The new board installed in angharad's case. The RAM - two sticks of 512M
PC2100 Registered ECC DDR - is also installed. Note the lack of a backplate
around the I/O ports... the old FIC SD-11 uses a non-standard backplate
(which was provided with the board), and the standard backplate that came
with the case (Enlight 7237... very nice box) is currently in North Carolina
(along with the drive mounting rails... I'll need to retrieve them before
I upgrade the storage).
Time to put the heat sinks on. First, they need silicone grease to make sure
the CPUs get good thermal conductivity to the heat sink itself. However,
both packets of silicone that came with the heat sinks had ruptured.
Fortunately, there was about ten times as much as needed, anyway, and I was
able to salvage plenty to put on the CPUs.
Then we got the fun part... getting the heat sinks on and clipped down
firmly, making good contact with the CPUs, without cracking one of those
exposed cores and destroying a $250 processor. This task was not made easier
by the board design... notice that on not one but both CPU sockets,
one of the clips that holds the heat sink down is hidden down between the
heat sink and a row of inch-tall capacitors.
I did finally manage to get them on without destroying either chip. Note
that I had to pull the RAM again to get more room to work.
Video card (Matrox Millennium G550 32M DDR AGP dual-head) installed, RAM
back in, network card (not visible) installed, and everything generally
ready to go.
First POST. Both CPUs
detected, though it's identifying them as MPs rather than XPs... apparently
making the assumption that because there are two, they're MPs. XPs, after
all, are not supported in SMP configuration (but they work just fine). It
found the full gig of RAM, too, and the boot halted there because I hadn't
hooked the drives up yet.
Inside the case with the machine running. You can tell it's running because
the CPU fans are blurred. Those puppies are loud. One of them, I
discovered on first power-up, had been smacked around somehow, such that one of
the plastic struts that holds the fan in position had gotten cracked, so
when it was powered up, it spun up to 6800 RPM with the fan blades rubbing
against the body of the fan. Sounded like I had a lawn mower inside the
case. 30 seconds with a screwdriver fixed that problem, though.
I figured what with going dual-monitor and dual-CPU, I could go
dual-keyboard as well. Actually, the left Shift and Ctrl keys on my old cheap
keyboard were starting to go, so I went and picked up a new USB keyboard.

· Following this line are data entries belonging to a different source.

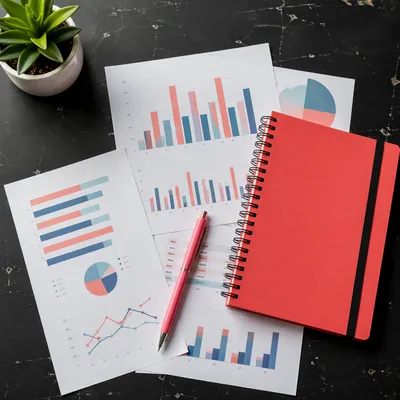 Business Plan Notebook with Charts Flat Lay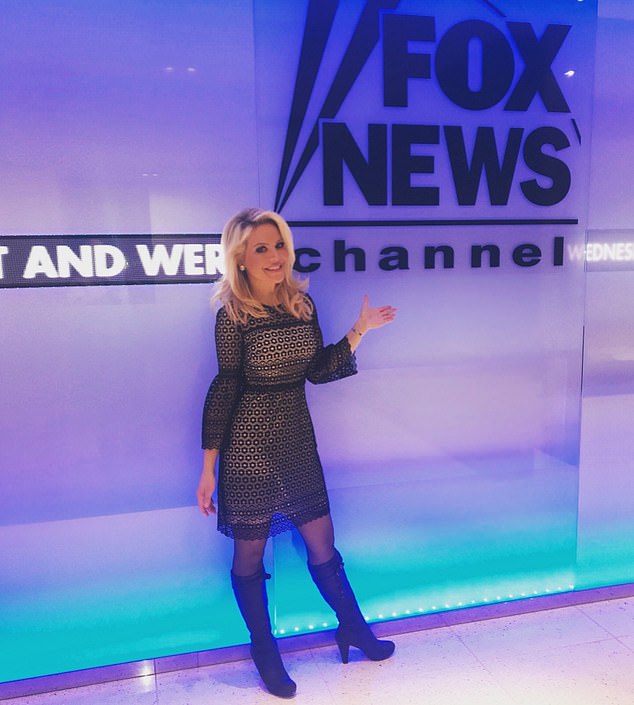 Powers poses in the Fox News offices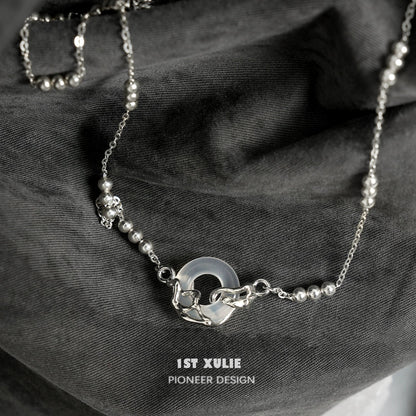 Elegant eternal rings silver necklace by 1STXULIE featuring a unique design with beads and a circular pendant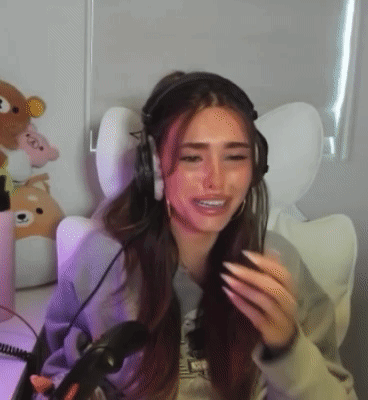 A Woman Wearing Headphones Is Sitting In Front Of A Microphone In A Chair . GIF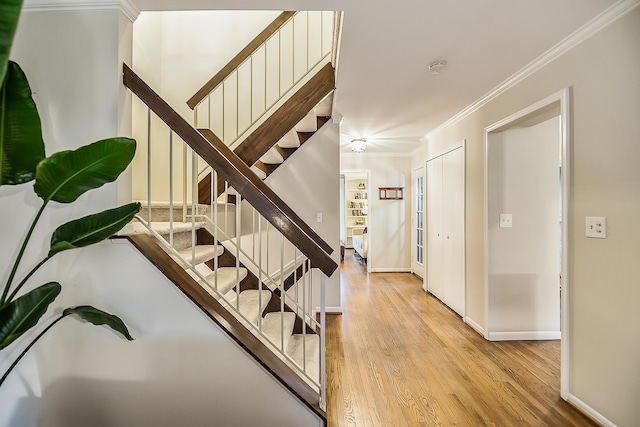 2204 Rivenoak Ct, Ann Arbor, MI 48103 - stairway featuring crown molding, baseboards, and wood finished floors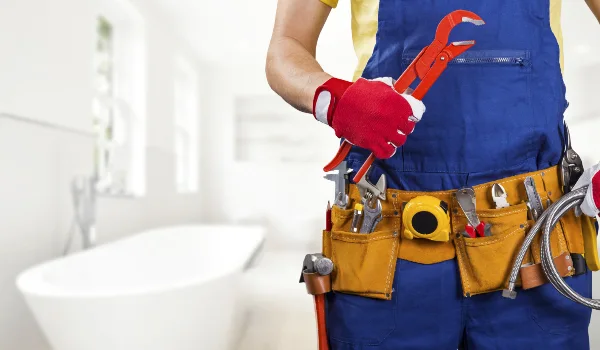 the torso of a plumbing technician showing a tool belt from Emergency Plumber Round Rock in Round Rock, TX - Sewer Line Clearing Services the torso of a plumbing technician showing a tool belt from Emergency Plumber Round Rock in Round Rock, TX - Sewer Line Clearing Services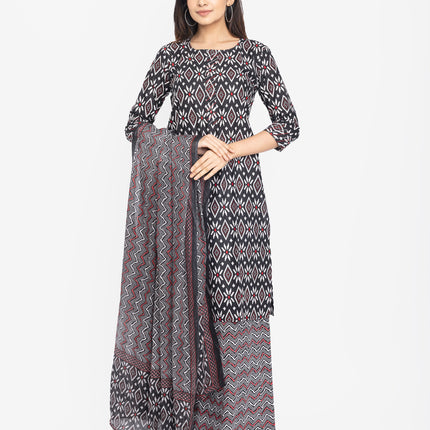 Woman wearing a patterned dress with a matching dupatta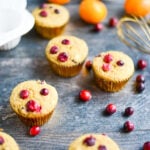 Six cranberry muffins in gold wrappers are arranged on a wooden surface with loose cranberries, white baking cups, orange fruits, and a whisk in the background.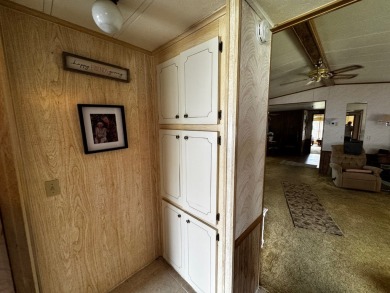 Charming 1982 Palm double-wide manufactured home located in the on Rolling Greens Executive Golf Community in Florida - for sale on GolfHomes.com, golf home, golf lot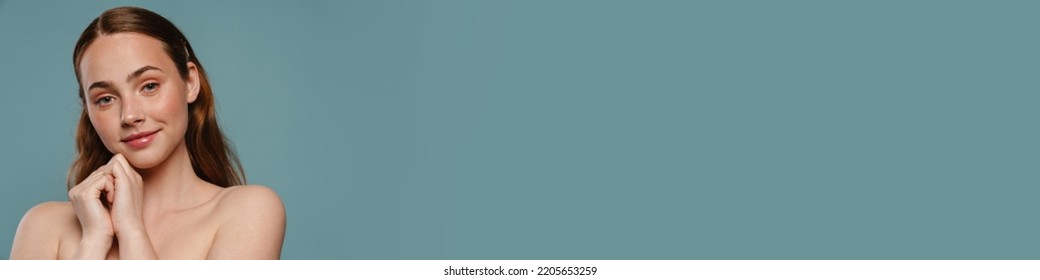 Half-naked Ginger Woman Smiling And Looking At Camera Isolated Over Blue Background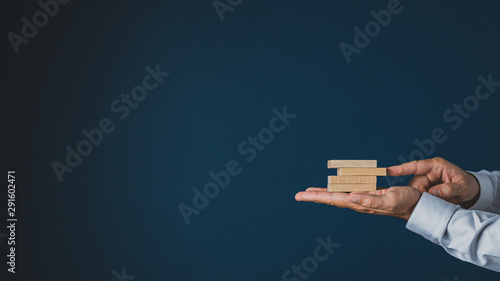 Businessman stacking wooden pegs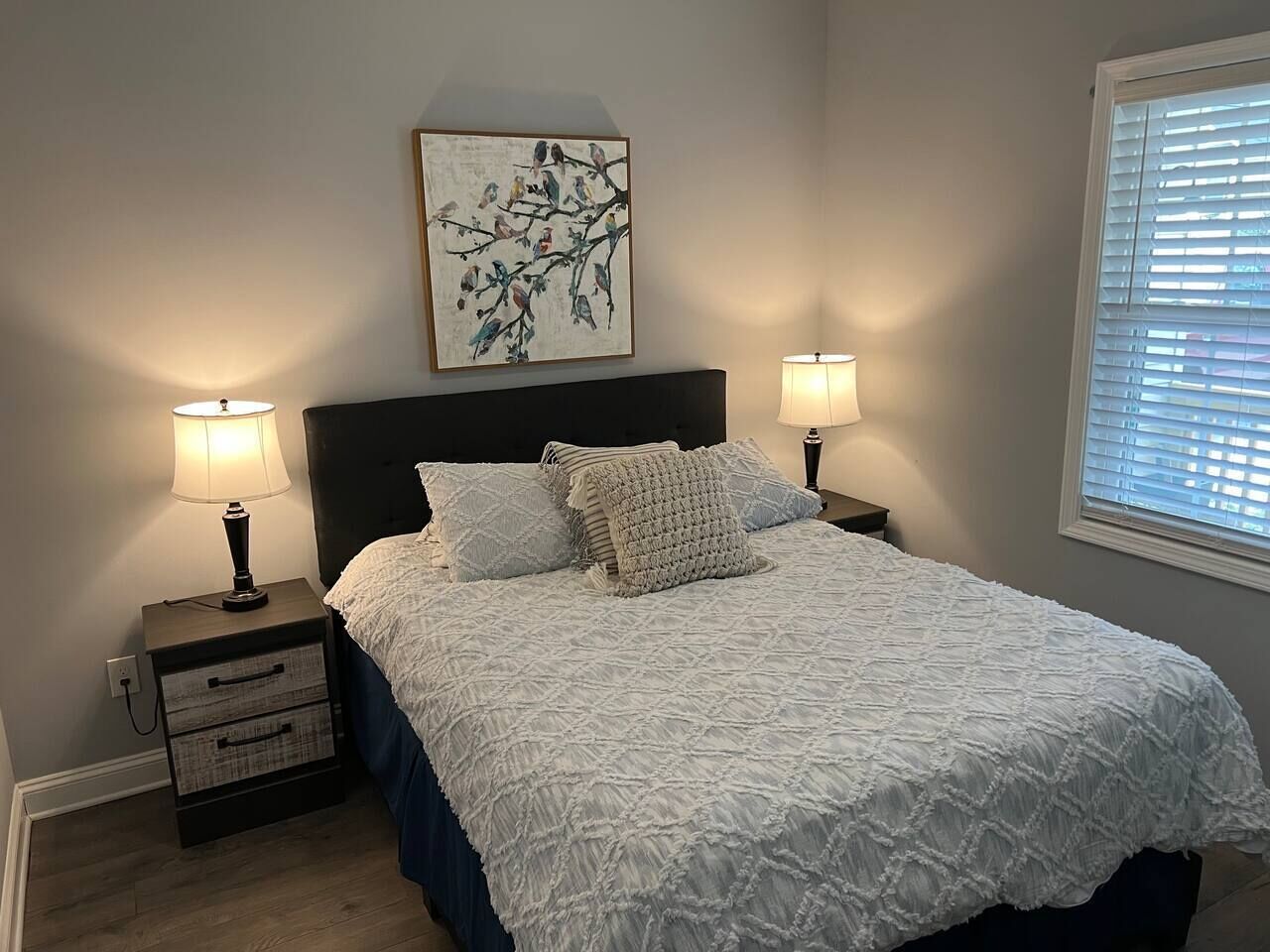 A bedroom with a bed, two bedside tables, a nightstand, a wall-mounted artwork, and a window with blinds.
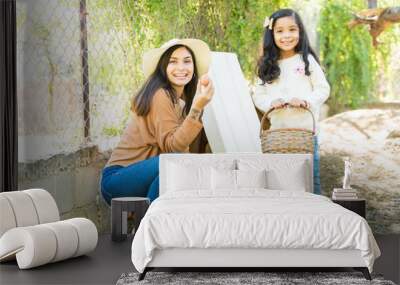 Happy Young Woman With Little Girl Showing Egg At Farm Wall mural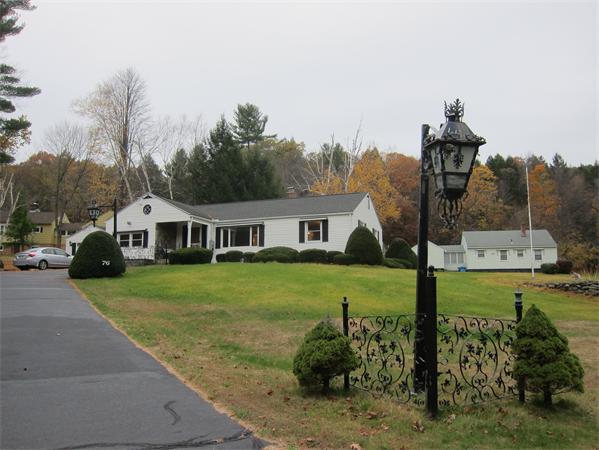 76 Ridgewood Drive Russell, MA 01071 - Photo 1 of 30 a front view of a house with garden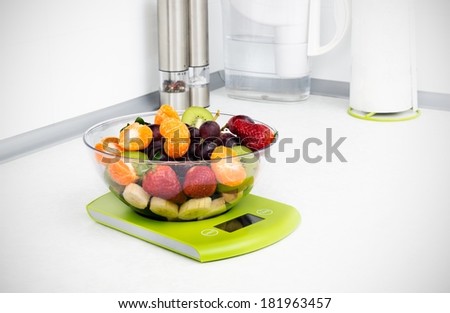 Fruit on the kitchen scale in a modern kitchen.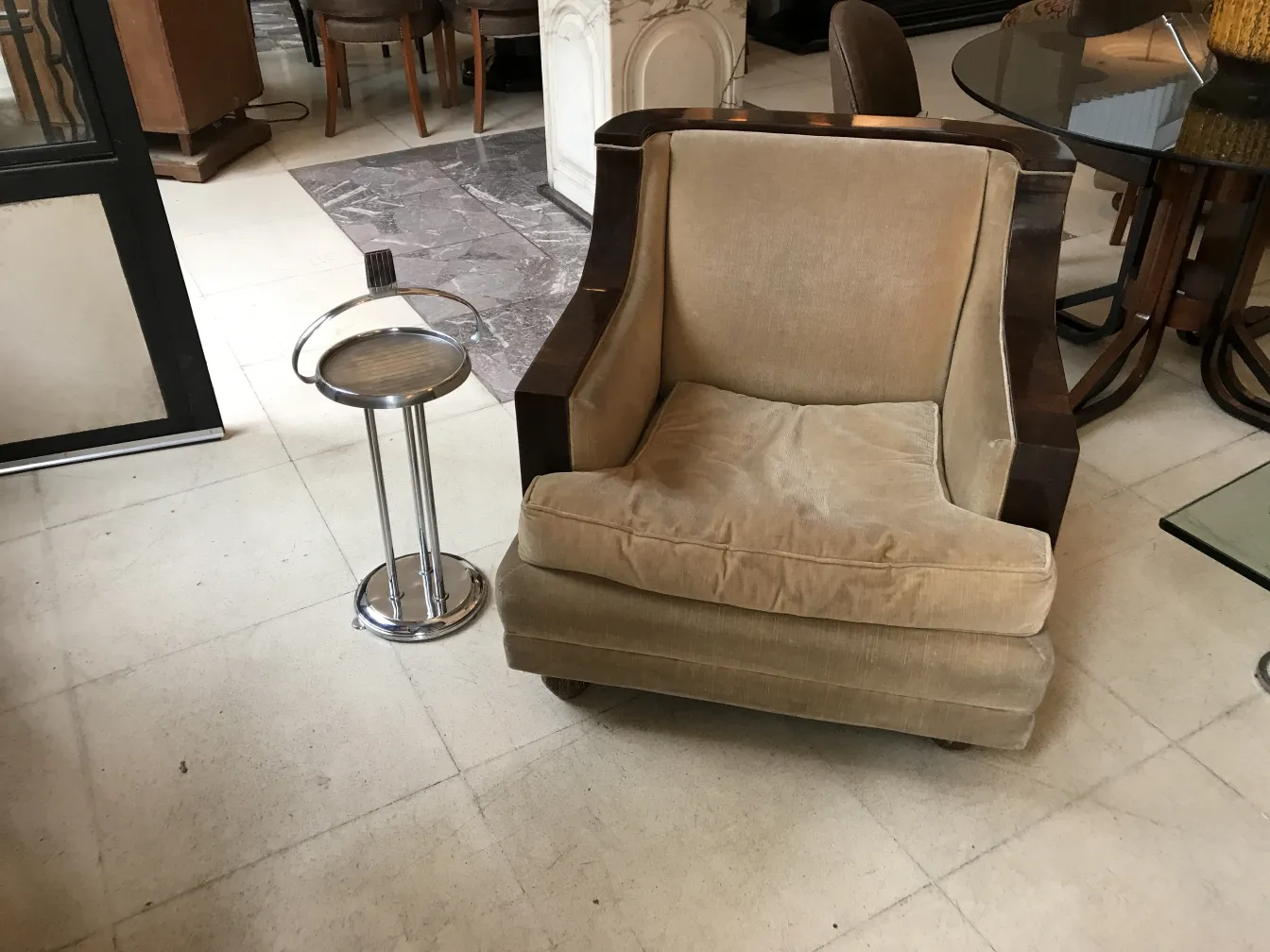 पुरानी छोटी मेज़ एक आरामदायक कुर्सी के बगल में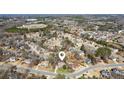 Aerial view of home in a neighborhood showing nearby community, streets, and wooded areas at 340 Ruby Forest Pkwy, Suwanee, GA 30024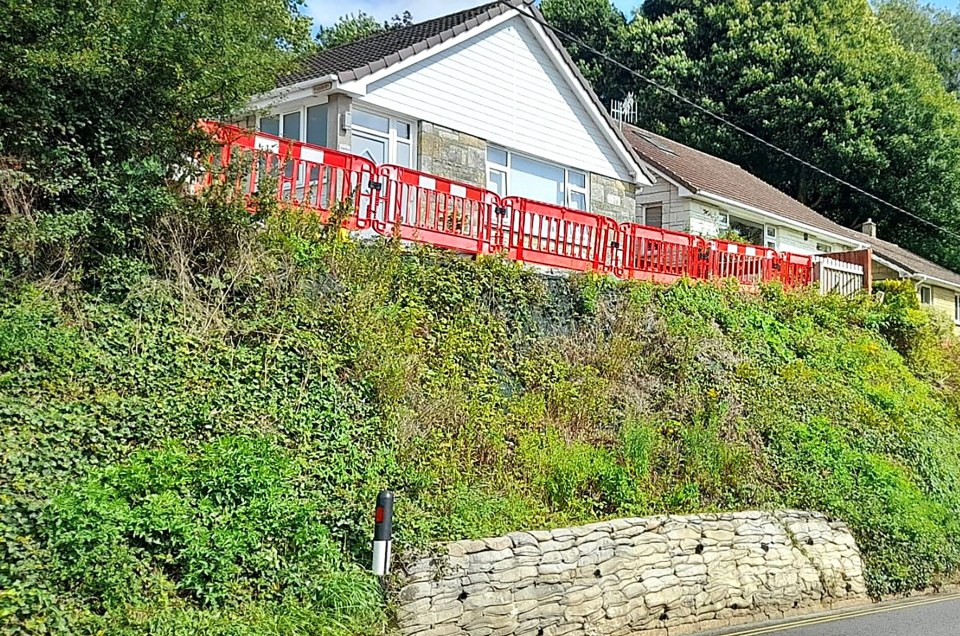 a picture of a house with a red fence around it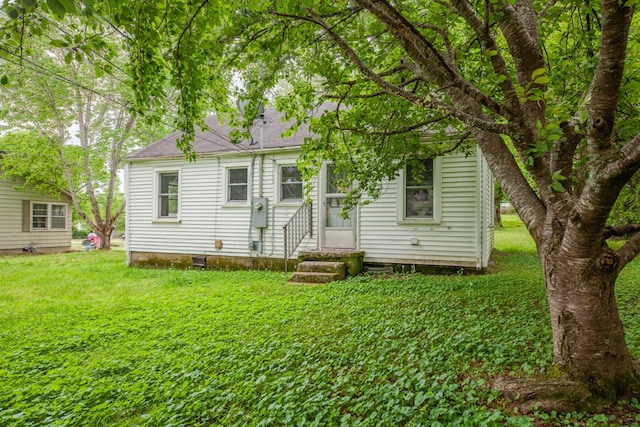back of house with a lawn, entry steps, and roof with shingles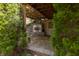 Inviting outdoor patio with a stone fireplace and stylish paving, surrounded by lush greenery and mature landscaping at 5251 Ladywood Bluff Pl, Indianapolis, IN 46226
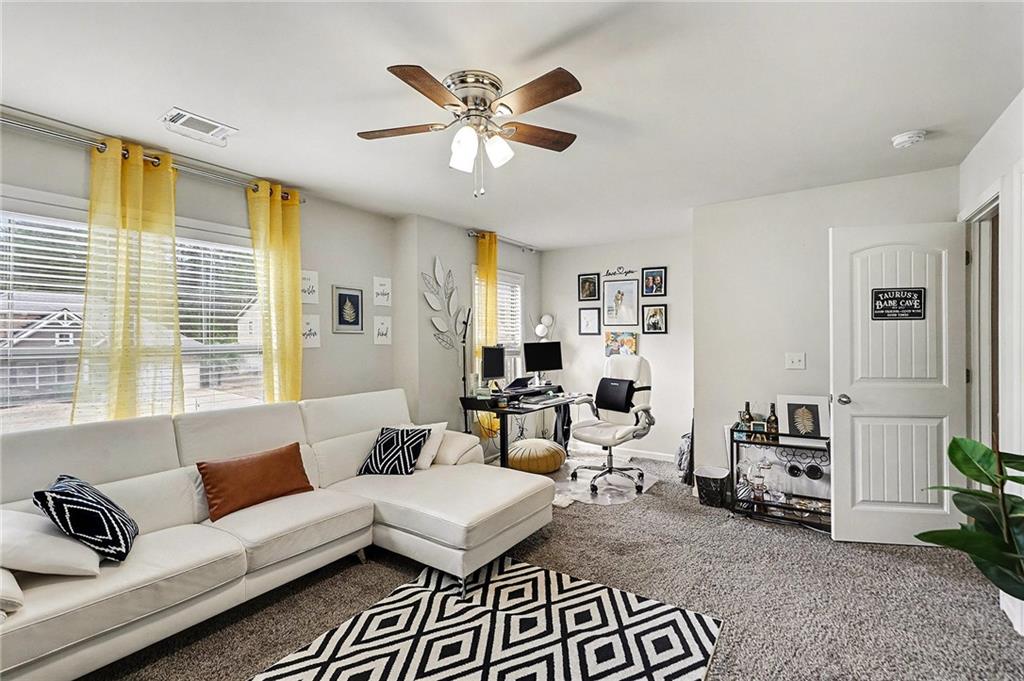 7284 Demeter Atlanta, GA 30349 - Photo 22 of 33 a living room with furniture and a large window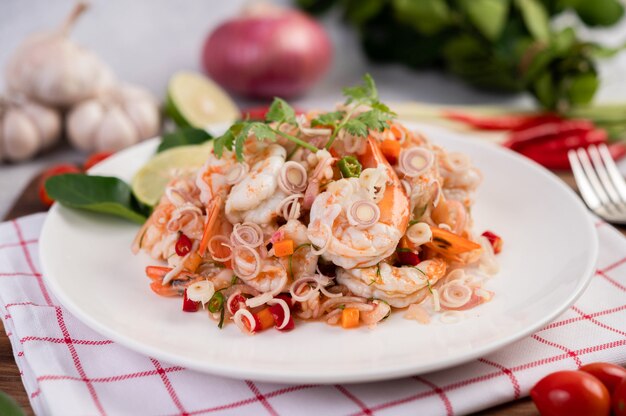 Salada picante com camarão em um prato branco. Comida tailandesa.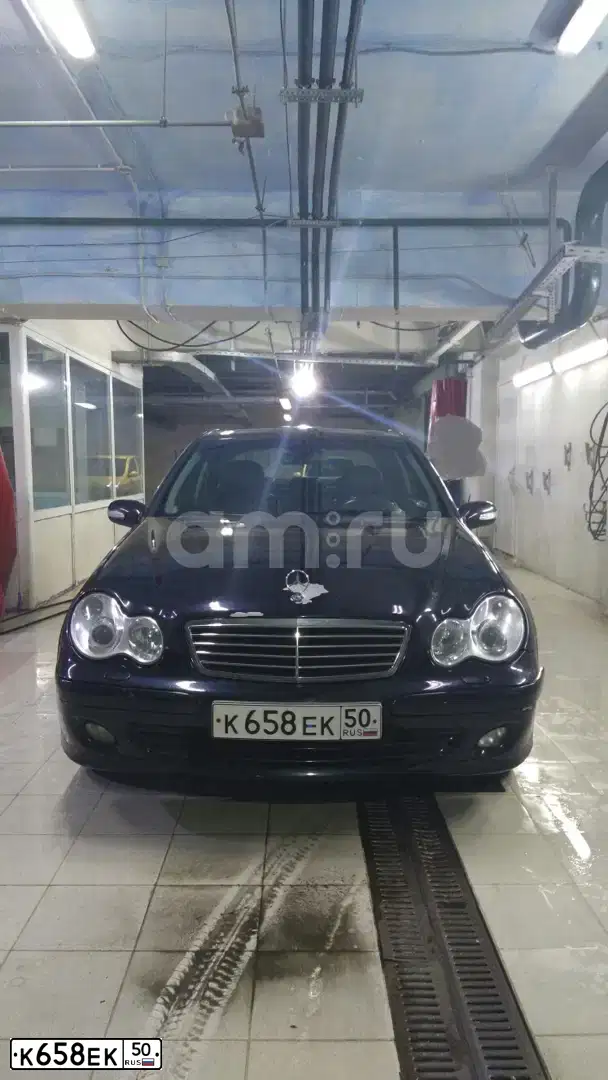 Фото автомобиля MERCEDES C-KLASSE, 2005 — госномер М335РС29. Цвет: ЧЕРНЫЙ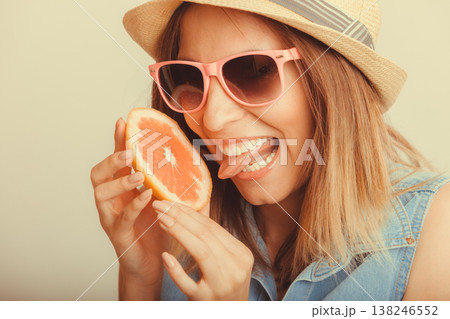 Happy woman in hat drinking grapefruit juice. Diet Happy woman in hat drinking grapefruit juice. Diet 138246552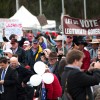 Slide 4: This photo shows a large group of people standing outside with protest signs, such as 'let us vote for a legitimate government'.
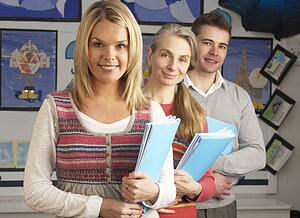 Portrait Of Group Of Teachers In Classroom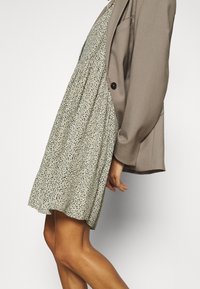 Vestido floral verde claro con falda acampanada, combinado con un blazer topo. El vestido tiene pequeños puntos negros y marinos.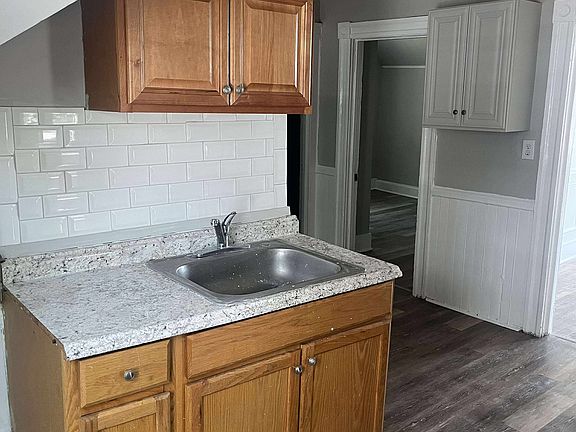 New tile backsplash over kitchen sink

It's not easy to find decent keyboards these days. This one was basically my
only option that had a full-sized Backspace, the '\' in the right place
(between the Enter and the Backspace), didn't have the keys in some weird
"ergonomic" position, didn't have strange beveling on the bottom row of
keys, and wasn't wireless (yes, sniff my keystrokes, please!). Both
keyboards are hooked up and working, though, and if I were to plug
in the Intellimouse, I could, I think, theoretically configure X to run the two
monitor/keyboard/mouse combinations as two completely separate terminals. I may have to try it someday just to prove it
can be done.
USB keyboard up and running, don't need the PS/2 keyboard anymore. That took
a couple reboots, because I'd turned on input core support in the kernel for
USB mice, but had neglected to do so for keyboards. The PS/2 keyboard is
actually still plugged in... I just moved it out of the way.
It's got a two-port USB hub in it. Yay.
Lots of extra keys on the thing. In addition to the standard 101 keys and
the "Windows" keys, there's eight hotkeys above the function keys (six of
which return scancodes greater than 255, and are therefore not useful), a
cluster of seven buttons for controlling multimedia apps (which I've set up
to control XMMS... on cybil... gotta love ssh), and two additional keys by
the arrow-T. Some of the standard keys are in odd places, but all of the
important ones are where they belong.
Storage upgrade is up next. I haven't quite decided on that yet, but I'm thinking 4 x 36.4G Ultra160 SCSI RAID5.